- Genre: Military parade
- Date: 30 July 2017
- Locations: Zhurihe Training Base, Inner Mongolia, China
- General Secretary of the CCP: Xi Jinping

= People's Liberation Army 90th Anniversary Parade =

The military parade to celebrate the 90th anniversary of the founding of the Chinese People's Liberation Army was a military parade at Zhurihe Training Base in Inner Mongolia, on 1 August 2017 to celebrate the 90th anniversary of founding of the People's Liberation Army (PLA) and the Nanchang uprising that caused its founding.

The parade was the first one to be held outside of Beijing since 1981 and the only one to date to only include military equipment and no marchpast. It also was the first organized event to be held on 1 August, which is PLA Day in China.

== The parade ==
Central Military Commission (CMC) Chairman and Party General Secretary Xi Jinping inspected the troops while CMC vice chairman Fan Changlong was the parade's master of ceremonies and General Han Weiguo of the Central Theater Command was parade commander. 12,000 troops participated in the parade dressed up in combat garb instead of the usual Type 07 full dress uniform.

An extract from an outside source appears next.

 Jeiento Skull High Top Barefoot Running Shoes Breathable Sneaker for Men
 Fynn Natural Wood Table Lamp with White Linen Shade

According to the Minister of National Defense, this was done to replicate troops in a "dust-covered battlefield atmosphere".

A key cause for controversy was that during the parade when the flag of the Chinese Communist Party was paraded ahead of the flag of China. Voice of America pointed out that this violated Article 15 of the Law on the National Flag. Network commentators in China saw this an inappropriate move.